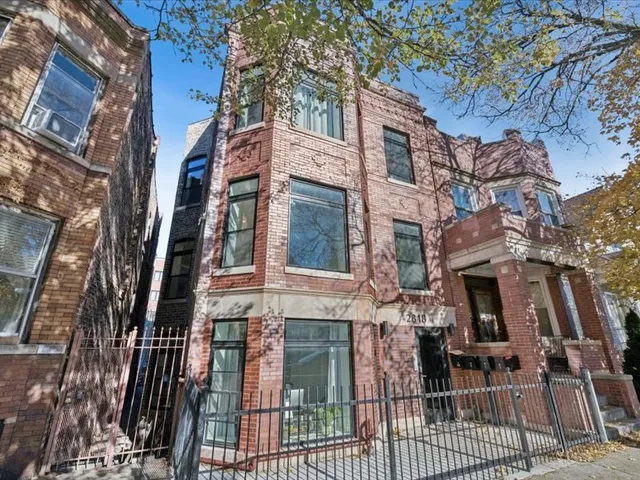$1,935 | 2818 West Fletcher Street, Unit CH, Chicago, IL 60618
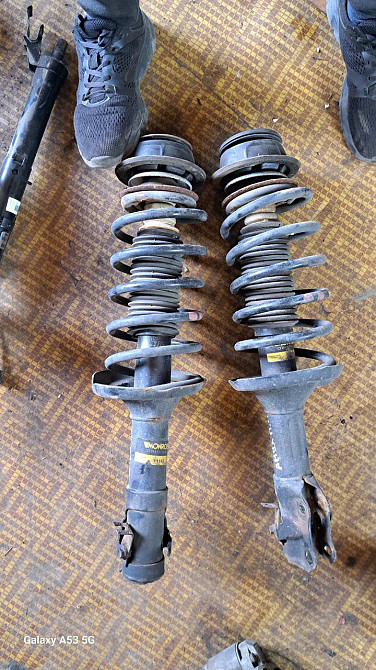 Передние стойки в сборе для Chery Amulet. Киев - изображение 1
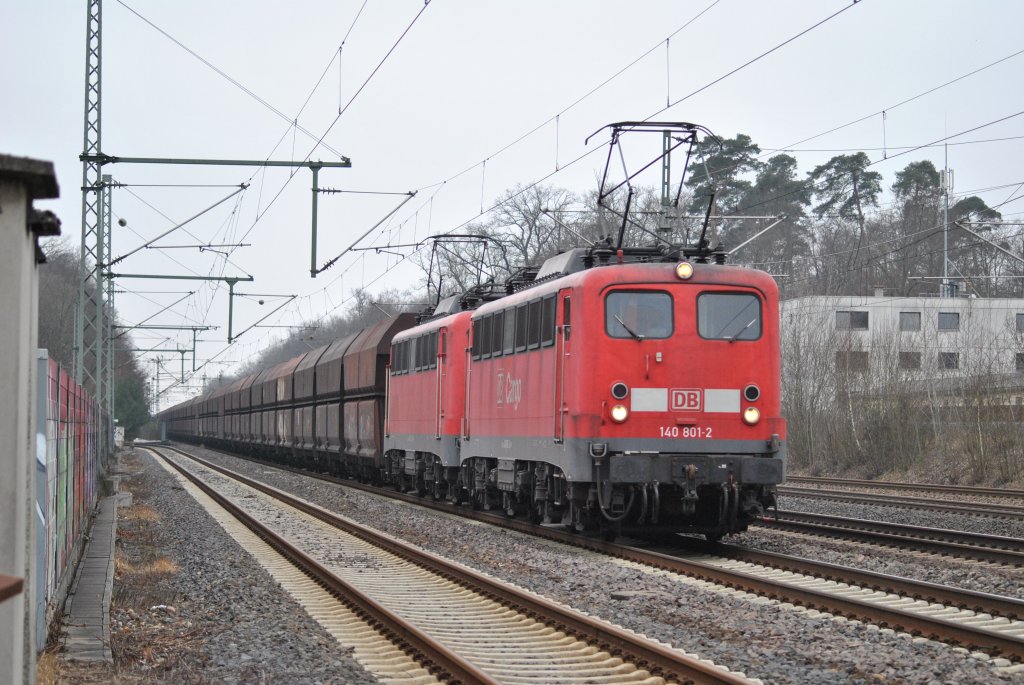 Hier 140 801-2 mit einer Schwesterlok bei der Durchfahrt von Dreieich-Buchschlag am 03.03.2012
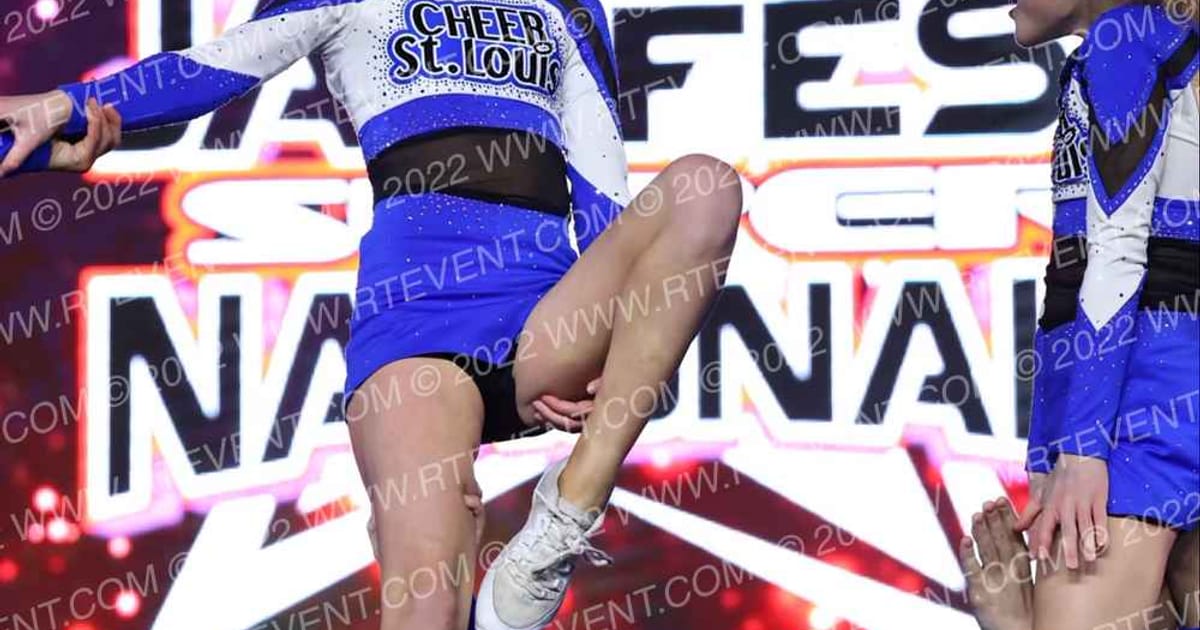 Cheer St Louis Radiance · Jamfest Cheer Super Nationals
☆ ☆ ☆ ☆ ☆
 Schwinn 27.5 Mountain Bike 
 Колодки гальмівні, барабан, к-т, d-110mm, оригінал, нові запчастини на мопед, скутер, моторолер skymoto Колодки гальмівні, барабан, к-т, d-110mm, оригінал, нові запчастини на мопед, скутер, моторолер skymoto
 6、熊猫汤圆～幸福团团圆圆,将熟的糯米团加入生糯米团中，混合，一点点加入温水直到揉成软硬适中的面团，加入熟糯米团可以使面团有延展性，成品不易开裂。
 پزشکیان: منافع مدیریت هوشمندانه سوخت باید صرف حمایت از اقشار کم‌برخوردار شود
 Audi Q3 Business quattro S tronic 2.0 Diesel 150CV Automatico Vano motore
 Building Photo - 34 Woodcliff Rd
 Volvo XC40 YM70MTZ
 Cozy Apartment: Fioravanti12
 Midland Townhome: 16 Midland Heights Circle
☆ ☆ ☆ ☆ ☆
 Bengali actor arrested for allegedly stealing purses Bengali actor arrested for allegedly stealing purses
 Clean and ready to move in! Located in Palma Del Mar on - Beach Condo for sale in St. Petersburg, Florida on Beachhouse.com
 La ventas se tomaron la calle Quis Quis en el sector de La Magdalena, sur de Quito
☆ ☆ ☆ ☆ ☆
▶ _WHAT YOU ARE ASKED TO DO_
Start with the line above that contains "Clean and ready" and stop after the line that contains "La ventas se". Output those lines exactly, and only those.

▶ _SOLUTION TO THIS PROBLEM_
 Clean and ready to move in! Located in Palma Del Mar on - Beach Condo for sale in St. Petersburg, Florida on Beachhouse.com
 La ventas se tomaron la calle Quis Quis en el sector de La Magdalena, sur de Quito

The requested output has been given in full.